Your goal:
For every record, give an exact copy that has no pictures in it.

Record extracts:
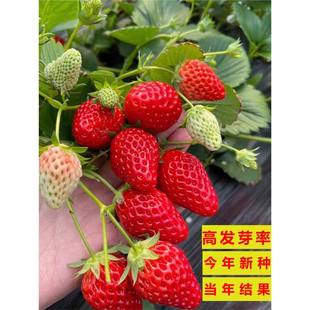 Family Balcony Potted Plants Are Easy to Live in All Seasons, Cream Red Strawberry Seeds, Large Strawberry Seeds, White Strawberry Seeds, Autumn and Winter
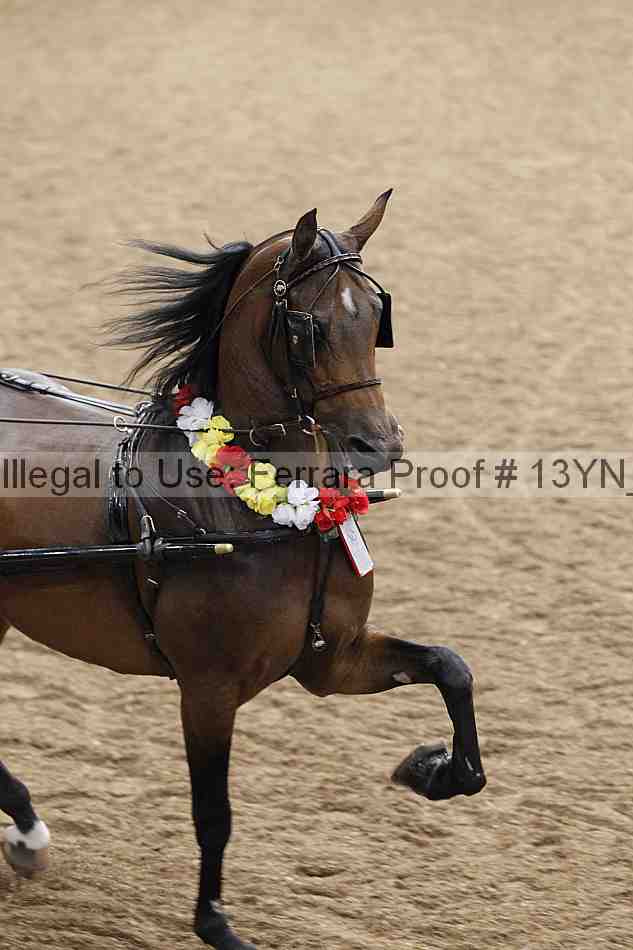 Proof 13yn_01195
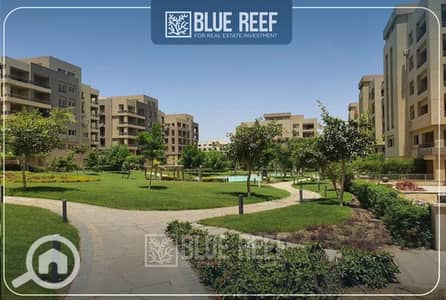 فلیٹ 3 غرف نوم للبيع في القاهرة الجديدة، القاهرة - قثش. jpg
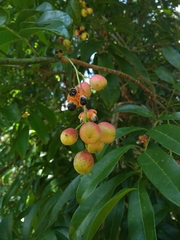 Matayba elaeagnoides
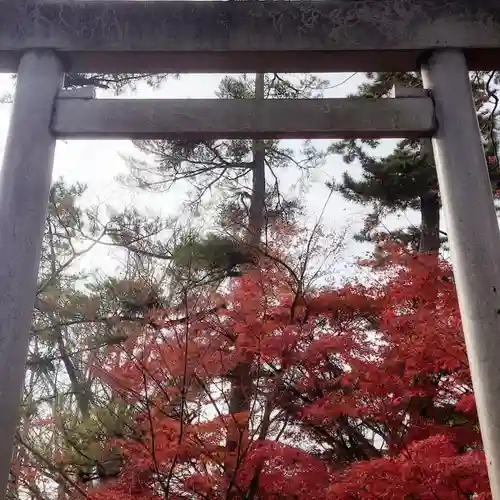 龍城神社の鳥居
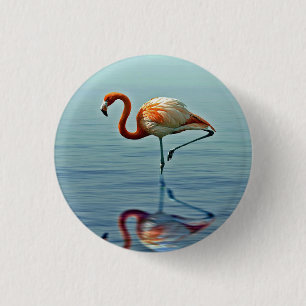 Flamingo Pink Reflection Wildlife Foto Button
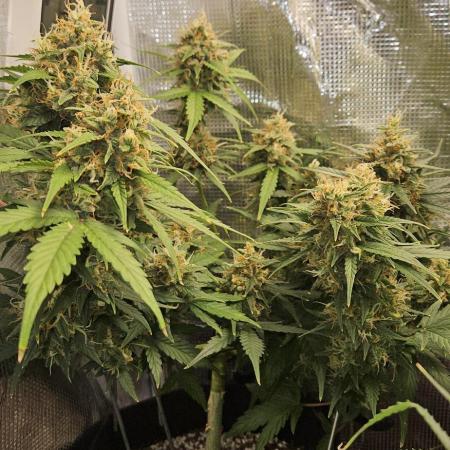 Gorilla Cookies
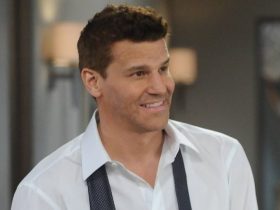 A verdadeira razão pela qual Bones teve tanto sucesso, de acordo com David Boreanaz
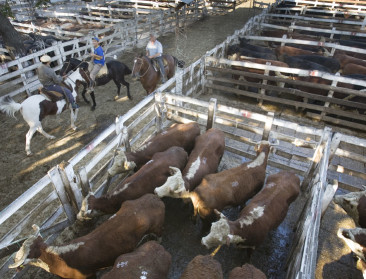 Parijs zaait twijfel over ratificering Mercosur akkoord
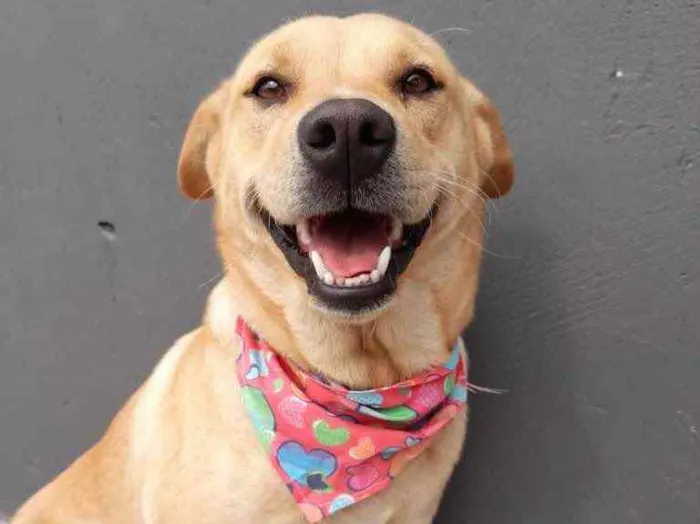 Cachorro ra a  idade 2 anos nome Tereza 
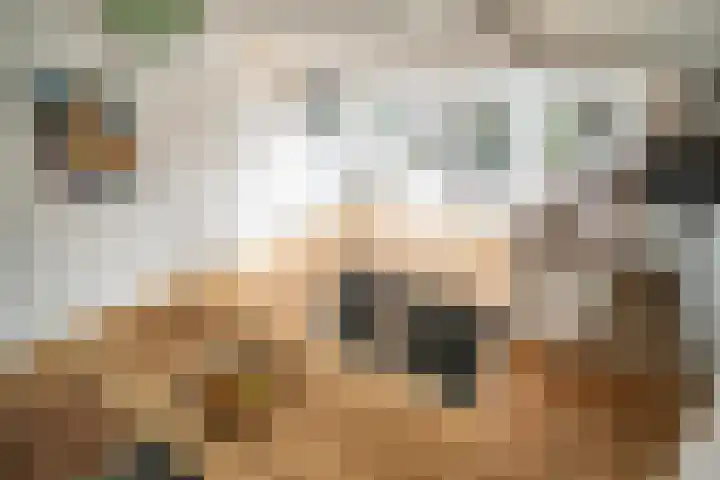 Vlietpark 59 Leiden thumbnail 12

Exercise answer:
 Family Balcony Potted Plants Are Easy to Live in All Seasons, Cream Red Strawberry Seeds, Large Strawberry Seeds, White Strawberry Seeds, Autumn and Winter
 Proof 13yn_01195
 فلیٹ 3 غرف نوم للبيع في القاهرة الجديدة، القاهرة - قثش. jpg
 Matayba elaeagnoides
 龍城神社の鳥居
 Flamingo Pink Reflection Wildlife Foto Button
 Gorilla Cookies
 A verdadeira razão pela qual Bones teve tanto sucesso, de acordo com David Boreanaz
 Parijs zaait twijfel over ratificering Mercosur akkoord
 Cachorro ra a  idade 2 anos nome Tereza 
 Vlietpark 59 Leiden thumbnail 12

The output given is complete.